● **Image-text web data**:
======

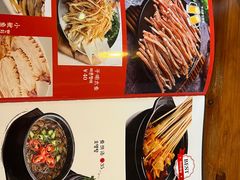 -一乐韩国炸鸡(梅江店)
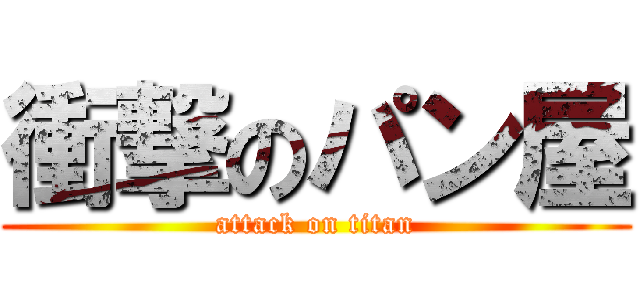 衝撃のパン屋 (attack on titan)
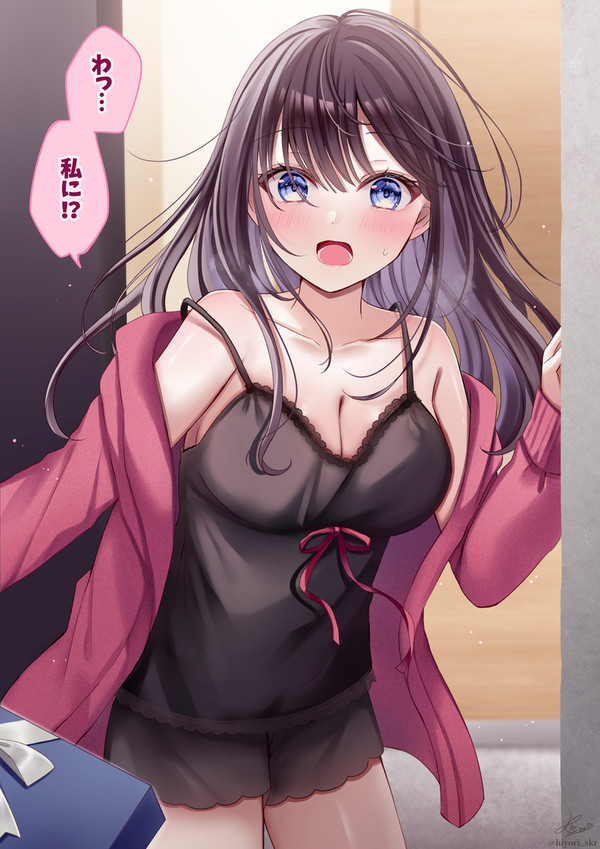 ホワイトデーのハプニング🍫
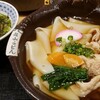 五代目 花山うどん 銀座店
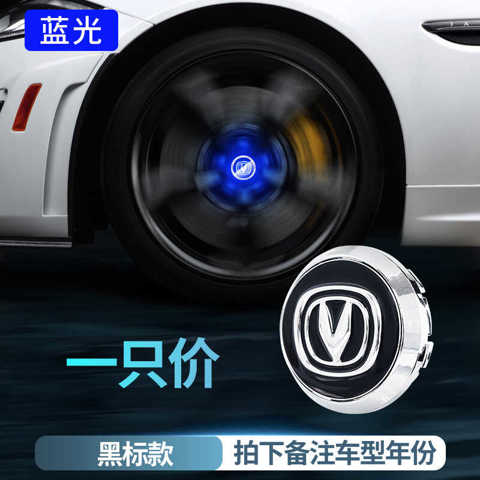 Подходит Для Changan СветящийСя КолпаК Ступицы С Магнитной Левитацией CS55 CS75 Plus Eado UNI-T UNI-K 4 штуки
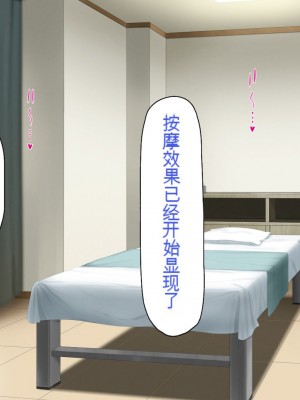 [一億万軒茶屋] マッサージ店の店員は種付けおじさん [中国翻訳]_302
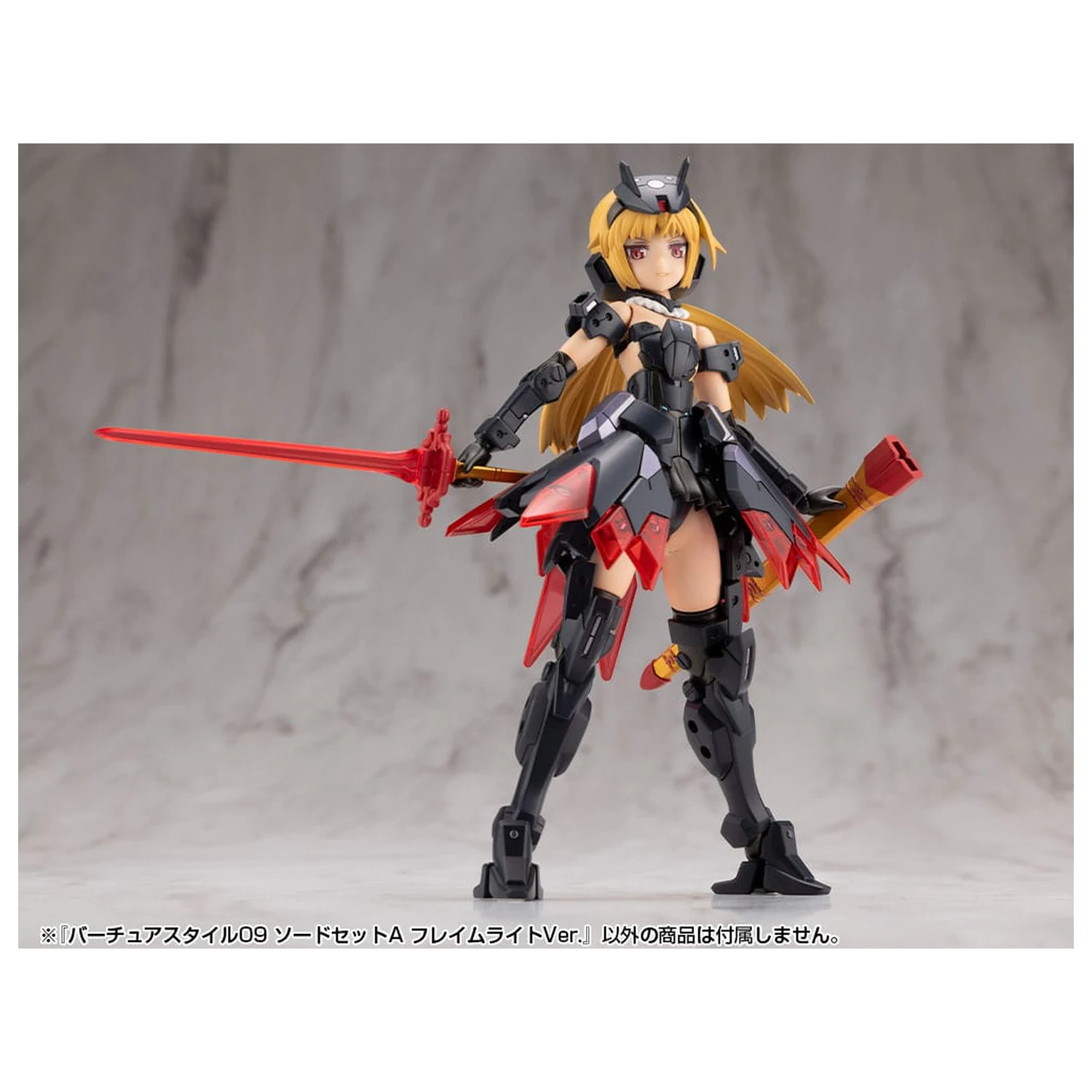 Kotobukiya M.S.G. Set de Accesorii Model Kit Virtuous Style 09 Sword Set A Flamerite Ver. poza produsului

======

Each record above is to be copied exactly. Drop the pictures.

● **Solution for this problem**:
 -一乐韩国炸鸡(梅江店)
 衝撃のパン屋 (attack on titan)
 ホワイトデーのハプニング🍫
 五代目 花山うどん 銀座店
 Подходит Для Changan СветящийСя КолпаК Ступицы С Магнитной Левитацией CS55 CS75 Plus Eado UNI-T UNI-K 4 штуки
 [一億万軒茶屋] マッサージ店の店員は種付けおじさん [中国翻訳]_302
 Kotobukiya M.S.G. Set de Accesorii Model Kit Virtuous Style 09 Sword Set A Flamerite Ver. poza produsului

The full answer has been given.